By Audrey Huse
Last Friday, SIPA student David Kortava spoke at TEDxSIPA, taking the stage to expose what he considers an ugly truth all Returned Peace Corps Volunteers (RPCVs) conceal. “The Peace Corps in its present manifestation functions largely as a government sponsored study abroad program for privileged youth,” he said. At times, Kortava’s talk sounded conspiratorial, and I feel it necessary, as a fellow RPCV, to set the record straight on two key points.
First, Peace Corps’ primary mission is to promote world peace and friendship (hence the name). Notice it is not called the US Agency for International Development. Under this broad umbrella of promoting peace and friendship are these goals:
- Helping the people of interested countries in meeting their need for trained men and women.
- Helping promote a better understanding of Americans on the part of the peoples served.
- Helping promote a better understanding of other peoples on the part of Americans.
Kortava’s live editorial focused mostly on the first goal. When referencing a speech given by President John F. Kennedy, who established the organization via an executive order, Kortava said that Kennedy’s vision of sending qualified Americans abroad is not being realized because volunteers are too young and most only have a bachelor’s degree. While it is true that most volunteers are recent college graduates, this is largely a matter of practicality. Later in life, with such pressures as a career, a mortgage and/or children, it becomes increasingly difficult to make such a commitment. And while more experience is always better, as a recent college graduate upon entering service, I found my general liberal arts degree sufficient to teach about the importance of hydrating sick children, or washing your hands with soap.

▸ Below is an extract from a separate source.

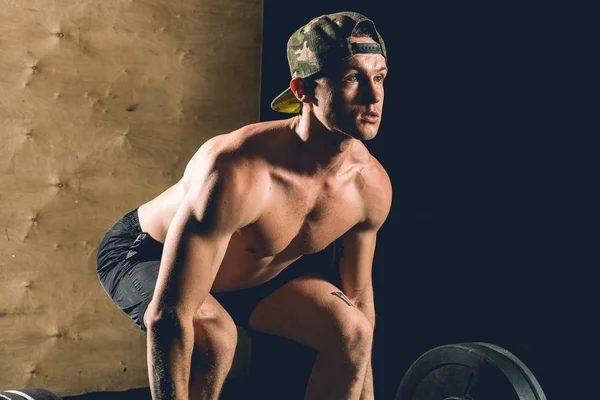 Man lyfta vikter. muskulös man träning i gym gör övningar med skivstång — Stockfoto
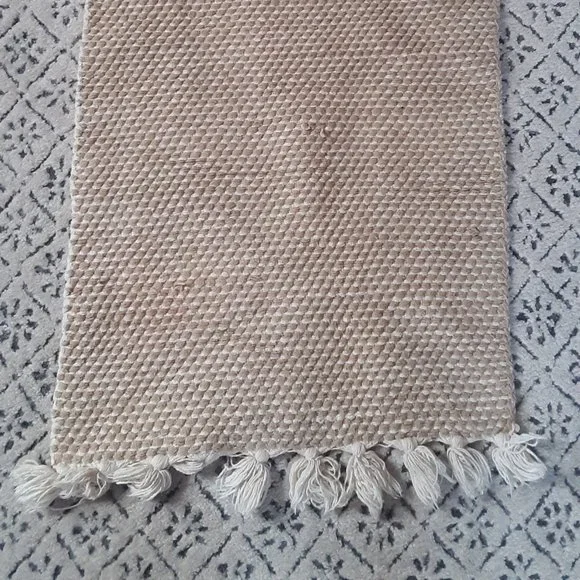 Pair of IKEA Approx. 2x3 Off-White Throw Rugs with Tassels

Secondly, Kortava argued that the only beneficiaries of the Peace Corps funding are the volunteers themselves. He corroborates this by stating that all RPCVs will tell you they feel they received much more than they were able to give to their community. I have heard many other RPCVs say this, and I say so myself. I do not hear RPCVs boasting about the work they did, how much they were able to teach others, or how many lives they influenced. This, however, does not mean that they didn’t make a difference and that their communities received nothing. And, the benefits the volunteers reap from their experiences do not come at the expense of their work.

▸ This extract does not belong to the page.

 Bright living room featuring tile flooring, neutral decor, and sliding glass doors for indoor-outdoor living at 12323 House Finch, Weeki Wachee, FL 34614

It is also worth mentioning that the U.S. benefits from the global perspective of RPCVs. Living in a melting pot like New York City, it is easy to take for granted a certain level of international awareness, but throughout most of the country it is severely lacking. Improving our understanding of other countries and cultures not only works to achieve the Peace Corps’ overall mission, it also makes us more competitive in the global economy.
When the first group of volunteers left for Ghana, Kennedy said, “The logic of the Peace Corps is that someday we are going to bring it home to America.” Volunteers are asked to continue to work on improving this understanding at home, and the organization uniquely facilitates opportunities to do so. Besides this, most RPCVs I know were inspired by their volunteer experience abroad to return to study and/or work in public health, international development, government, and other careers oriented towards global impact.
The Peace Corps is not without its shortcomings. All RPCVs could speak at length about reforms they would like to see. I agree with Kortava that the organization needs to strengthen its monitoring and evaluation in order to optimize its budget and impact, and I do think there should be more screening and monitoring to weed out ineffective volunteers who are poorly representing the U.S. I disagree, however, with Kortava’s general catch-all opinion of the Peace Corps program. In the end, each volunteer’s experience is depends upon the person and their community. It is largely what you choose to make of it.
I’m surprised Mr. Kortava finished his two years, and I commend him for it. But it seems he thought he was going to South Africa to singlehandedly halt the HIV epidemic, and such high expectations can lead to disillusion and disappointment. The TEDx event did not seem an appropriate venue to vent his frustrations. The TEDx platform is intended to present innovative ideas worth spreading. If there was one in Kortava’s talk, I missed it.